* [Action item] All of the records below are to be output exactly; no image belongs in the result.
-------- Recorded information
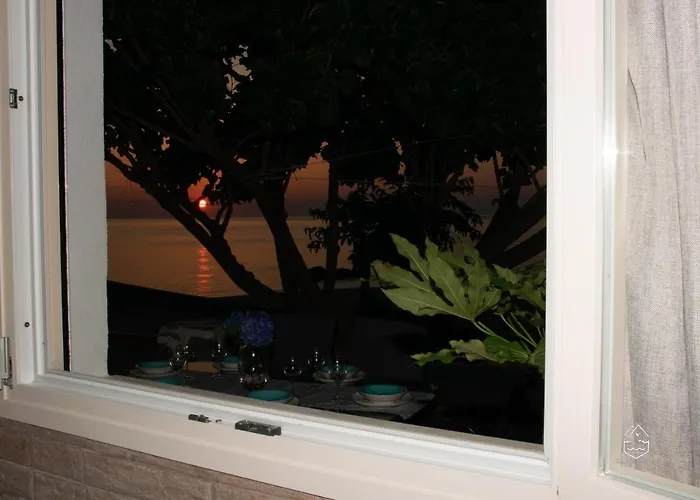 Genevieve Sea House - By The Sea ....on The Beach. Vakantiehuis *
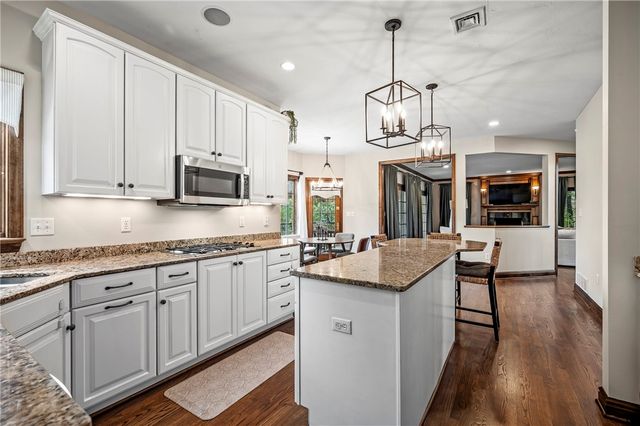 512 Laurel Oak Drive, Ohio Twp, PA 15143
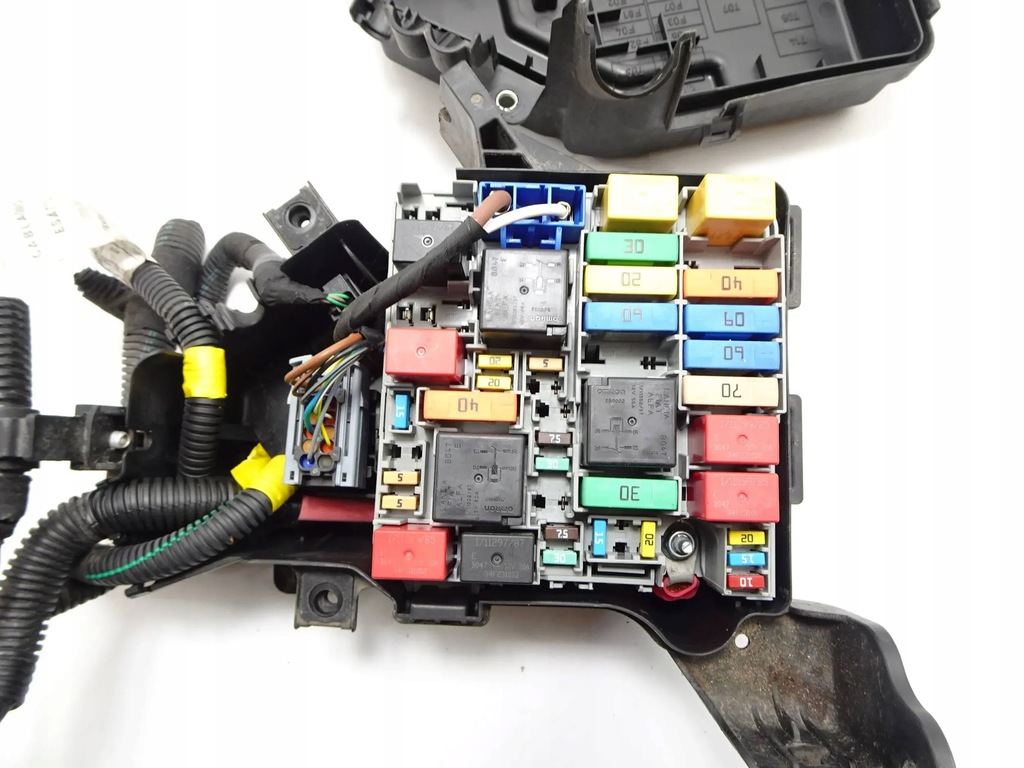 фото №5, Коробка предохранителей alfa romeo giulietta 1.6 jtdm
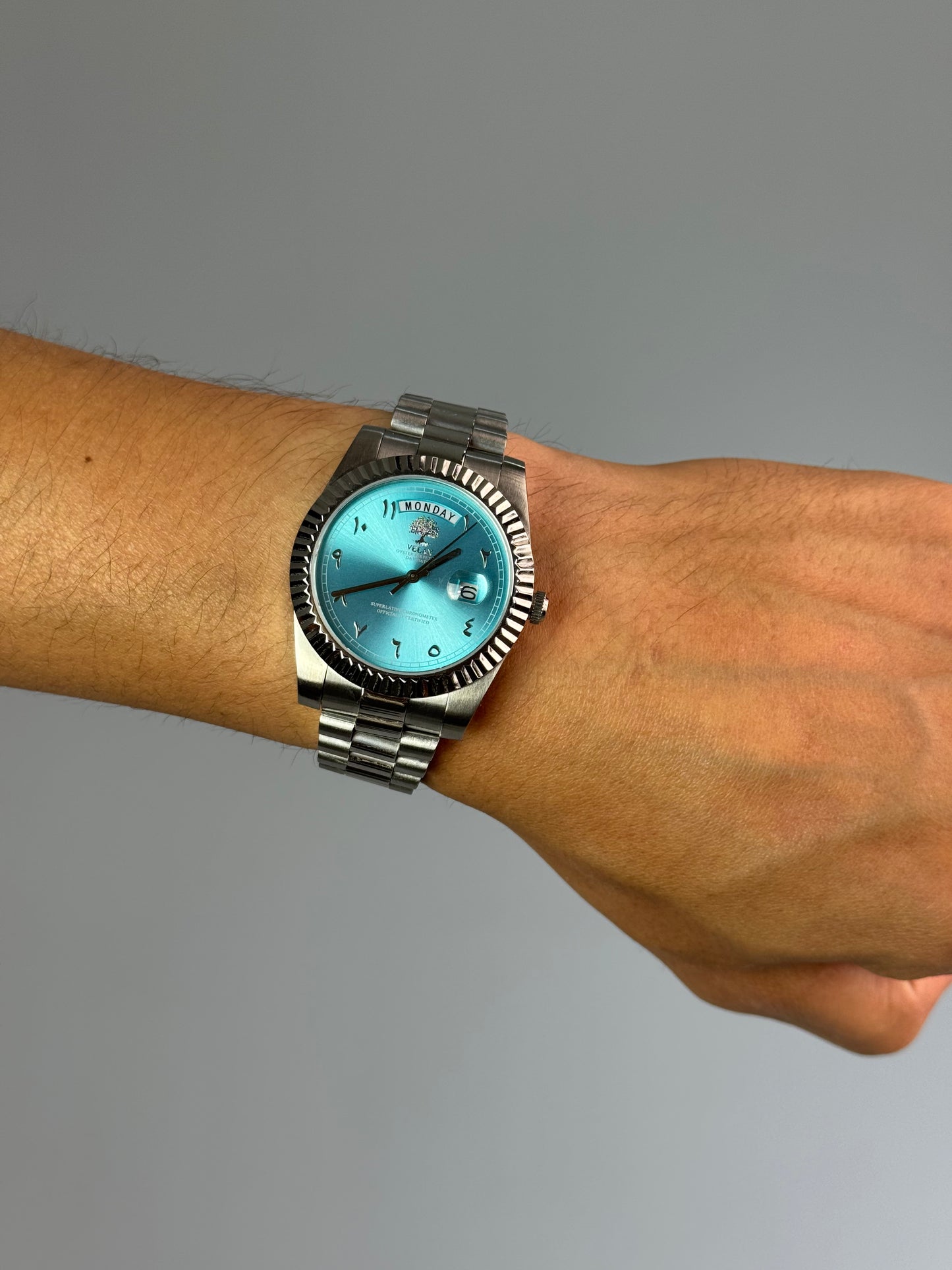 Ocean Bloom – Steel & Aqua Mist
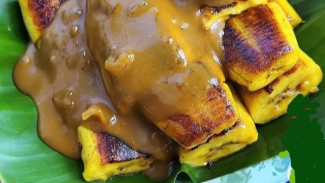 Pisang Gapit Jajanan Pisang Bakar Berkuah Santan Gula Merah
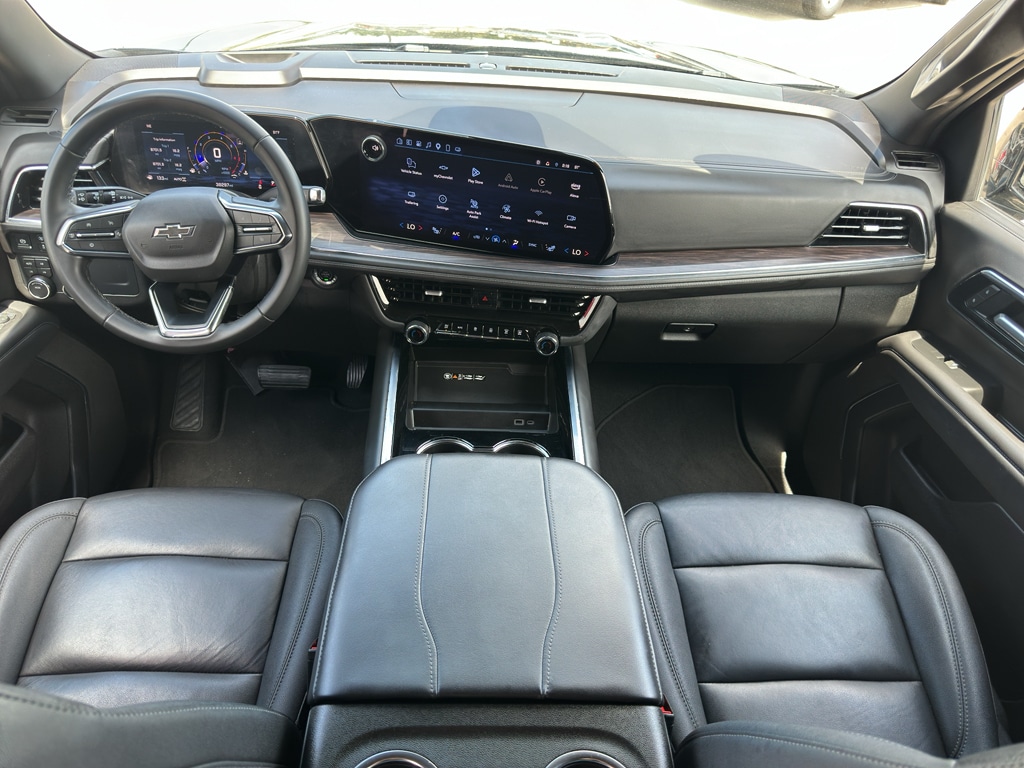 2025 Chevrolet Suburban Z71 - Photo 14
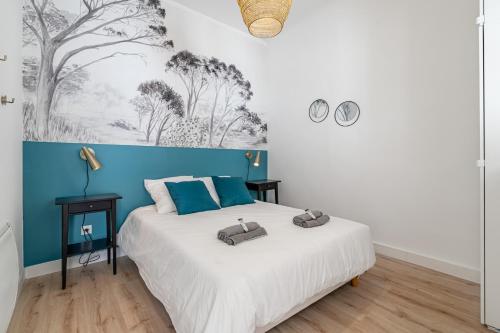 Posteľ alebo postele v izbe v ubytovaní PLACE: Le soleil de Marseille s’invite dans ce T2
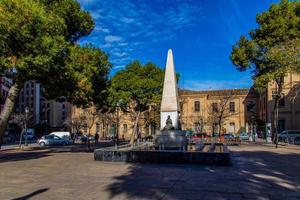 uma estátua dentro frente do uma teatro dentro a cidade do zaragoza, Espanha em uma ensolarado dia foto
----------------
* [Solution for this exercise]
 Genevieve Sea House - By The Sea ....on The Beach. Vakantiehuis *
 512 Laurel Oak Drive, Ohio Twp, PA 15143
 фото №5, Коробка предохранителей alfa romeo giulietta 1.6 jtdm
 Ocean Bloom – Steel & Aqua Mist
 Pisang Gapit Jajanan Pisang Bakar Berkuah Santan Gula Merah
 2025 Chevrolet Suburban Z71 - Photo 14
 Posteľ alebo postele v izbe v ubytovaní PLACE: Le soleil de Marseille s’invite dans ce T2
 uma estátua dentro frente do uma teatro dentro a cidade do zaragoza, Espanha em uma ensolarado dia foto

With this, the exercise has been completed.